1

I'd like to read SELECTED multiple files with sparklyr. I have multiple csv files (eg. a1.csv, a2.csv, a3.csv, a4.csv, a5.csv) in a folder, and I'd like to read a2.csv, a3.csv, a4.csv files at once if possible.

I know I can read csv file with spark_read_csv(sc, "cash", "/dir1/folder1/a2") so I tried

a_all <- data.frame(col1=integer(),col2=integer())
a_all <- sdf_copy_to(sc, a_all, "a_all")


for(i in 2:4){
     tmp1 <- spark_read_csv(sc=sc, name="tmp1", paste0("/dir1/folder1/a",i))
     a_all <- sdf_bind_rows(a_all, tmp1)
}

As a result I will get a spark_tbl which is binding a2.csv, a3.csv, a4.csv files rbind(a2,a3,a4).

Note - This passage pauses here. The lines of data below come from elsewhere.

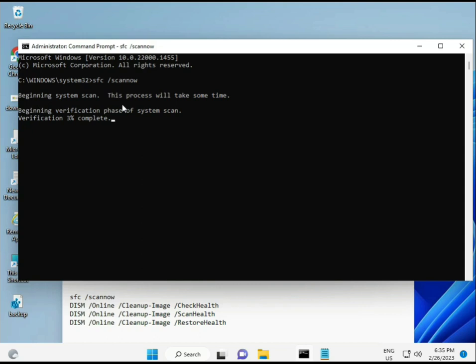When you enter, some percentage starts and finds any corrupted files. Second also checks health of your computer, and third also checks, and fourth restores your health.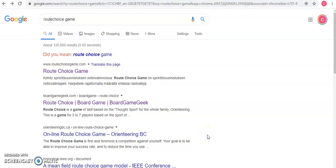Hi everyone, I'm going to be demonstrating the route choice game today, where the aim is to pick the shortest route choice.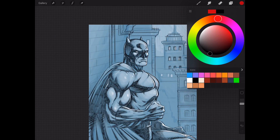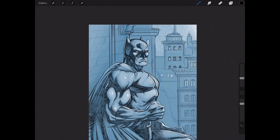Hey, what's up everybody! Rob Marzullo here, RAM Studio Comics. Welcome back. In today's video I want to show you real quick how you can record using Procreate on the iPad Pro.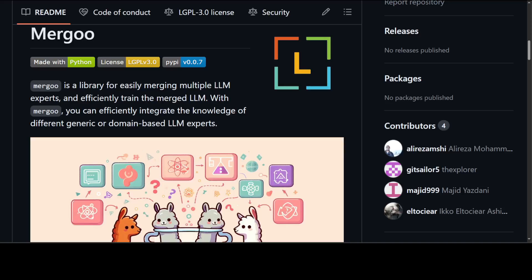Hello guys, in this video, I am introducing you to a new cool project called Merju. Merju is a library for easily merging multiple LLM experts. You can also call it mixture of experts. This Merju library is efficiently used to train the merged LLMs.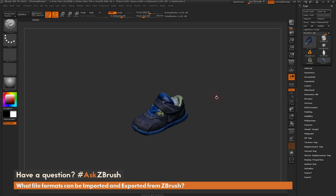If you have any additional questions on pipelines or processes inside of ZBrush, please use the hashtag AskZBrush on Twitter. Happy ZBrushing!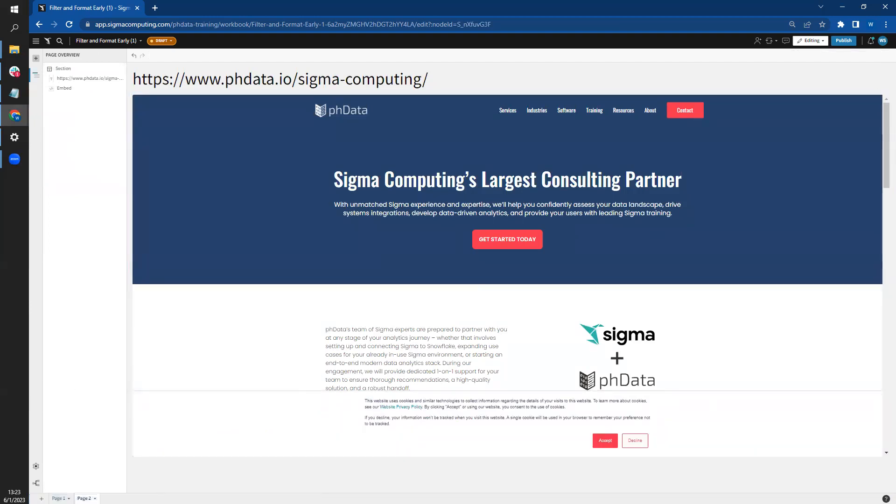From all of us here at PHData, thank you very much for watching. Remember to look for more quick tips leading up to Summit. Also, please check out our library of blogs, videos, and sample workbooks at phdata.io/sigma-computing, and thank you again.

I think there is a way to do it easier (maybe without for loop) by using path= but I am not sure how to select only few csv files in a folder. Please help!

Kate
  • 33
  • 2
  • Unfortunately `sparklyr` doesn't support multiple paths in a single `spark_read_source` call (see https://stackoverflow.com/q/49586714/6910411). In such simple case you `spark_read_csv(sc=sc, name="tmp1", "/dir1/folder1/a[234].csv"))` but it has rather limited applications. You could try to drop down to SQL, but I doubt it is worth all the fuss. In other words your code looks just fine. – zero323 Jan 24 '19 at 15:22

0 Answers0